Re: Sampling-based timing for EXPLAIN ANALYZE
Lukas Fittl <lukas@fittl.com>
From: Lukas Fittl <lukas@fittl.com>
To: Jelte Fennema <me@jeltef.nl>
Cc: PostgreSQL Hackers <pgsql-hackers@lists.postgresql.org>,
Andres Freund <andres@anarazel.de>
Date: 2023-01-17T10:50:40Z
Lists: pgsql-hackers
Attachments
- v2-0001-Add-TIMING-SAMPLING-option-for-EXPLAIN-ANALYZE.patch (application/octet-stream)
On Fri, Jan 6, 2023 at 1:19 AM Jelte Fennema <me@jeltef.nl> wrote:
> Nice addition! And the code looks pretty straight forward.
>
Thanks for reviewing!
The current patch triggers warnings:
> https://cirrus-ci.com/task/6016013976731648 Looks like you need to add
> void as the argument.
>
Fixed in v2 attached. This also adds a simple regression test, as well as
fixes the parallel working handling.
Do you have some performance comparison between TIMING ON and TIMING
> SAMPLING?
>
Here are some benchmarks of auto_explain overhead on my ARM-based M1
Macbook for the following query run with pgbench on a scale factor 100 data
set:
SELECT COUNT(*) FROM pgbench_branches JOIN pgbench_accounts USING (bid)
JOIN pgbench_tellers USING (bid) WHERE bid = 42;
(the motivation is to use a query that is more complex than the standard
pgbench select-only test query)
avg latency (best of 3), -T 300, -c 4, -s 100, shared_buffers 2GB, fsync
off, max_parallel_workers_per_gather 0:
master, log_timing = off: 871 ms (878 / 877 / 871)
patch, log_timing = off: 869 ms (882 / 880 / 869)
patch, log_timing = on: 890 ms (917 / 930 / 890)
patch, log_timing = sampling, samplefreq = 1000: 869 ms (887 / 869 / 894)
Additionally, here is Andres' benchmark from [1], with the sampling option
added:
% psql -Xc 'DROP TABLE IF EXISTS t; CREATE TABLE t AS SELECT * FROM
generate_series(1, 100000) g(i);' postgres && pgbench -n -r -t 100 -f
<(echo -e "SELECT COUNT(*) FROM t;EXPLAIN (ANALYZE, TIMING OFF) SELECT
COUNT(*) FROM t;EXPLAIN (ANALYZE, TIMING SAMPLING) SELECT COUNT(*) FROM
t;EXPLAIN (ANALYZE, TIMING ON) SELECT COUNT(*) FROM t;") postgres |grep '^ '
DROP TABLE
SELECT 100000
3.507 0 SELECT COUNT(*) FROM t;
3.476 0 EXPLAIN (ANALYZE, TIMING OFF) SELECT COUNT(*)
FROM t;
3.576 0 EXPLAIN (ANALYZE, TIMING SAMPLING) SELECT
COUNT(*) FROM t;
5.096 0 EXPLAIN (ANALYZE, TIMING ON) SELECT COUNT(*)
FROM t;
My pg_test_timing data for reference:
% pg_test_timing
Testing timing overhead for 3 seconds.
Per loop time including overhead: 23.65 ns
Histogram of timing durations:
< us % of total count
1 97.64472 123876325
2 2.35421 2986658
4 0.00022 277
8 0.00016 202
16 0.00064 815
32 0.00005 64
In InstrStartSampling there's logic to increase/decrease the frequency of
> an already existing timer.
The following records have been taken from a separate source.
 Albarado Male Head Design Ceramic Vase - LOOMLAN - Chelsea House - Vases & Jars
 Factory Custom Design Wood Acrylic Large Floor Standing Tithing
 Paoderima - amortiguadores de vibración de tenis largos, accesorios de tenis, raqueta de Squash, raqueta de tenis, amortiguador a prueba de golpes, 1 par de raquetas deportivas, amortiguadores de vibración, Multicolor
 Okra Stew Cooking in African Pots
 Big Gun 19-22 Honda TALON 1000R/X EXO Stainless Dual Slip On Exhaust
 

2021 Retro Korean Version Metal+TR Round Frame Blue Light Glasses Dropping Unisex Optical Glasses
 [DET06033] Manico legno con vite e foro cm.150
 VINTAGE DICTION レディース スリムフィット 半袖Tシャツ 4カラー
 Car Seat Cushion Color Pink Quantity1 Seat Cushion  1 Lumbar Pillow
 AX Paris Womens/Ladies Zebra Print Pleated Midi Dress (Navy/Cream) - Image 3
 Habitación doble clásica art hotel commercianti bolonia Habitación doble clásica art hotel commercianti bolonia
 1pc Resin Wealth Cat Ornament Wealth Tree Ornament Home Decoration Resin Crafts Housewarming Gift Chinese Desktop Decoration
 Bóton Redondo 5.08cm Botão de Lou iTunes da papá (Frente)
It's not clear to me when this can occur. I'd
> expect sampling frequency to remain constant throughout an explain plan. If
> it's indeed needed, I think a code comment would be useful to explain why
> this edge case is necessary.
>
Clarified in a code comment in v2. This is needed for handling nested
statements which could have different sampling frequencies for each nesting
level, i.e. a function might want to sample it's queries at a higher
frequency than its caller.
Thanks,
Lukas
[1] https://postgr.es/m/20230116213913.4oseovlzvc2674z7%40awork3.anarazel.de
--
Lukas Fittl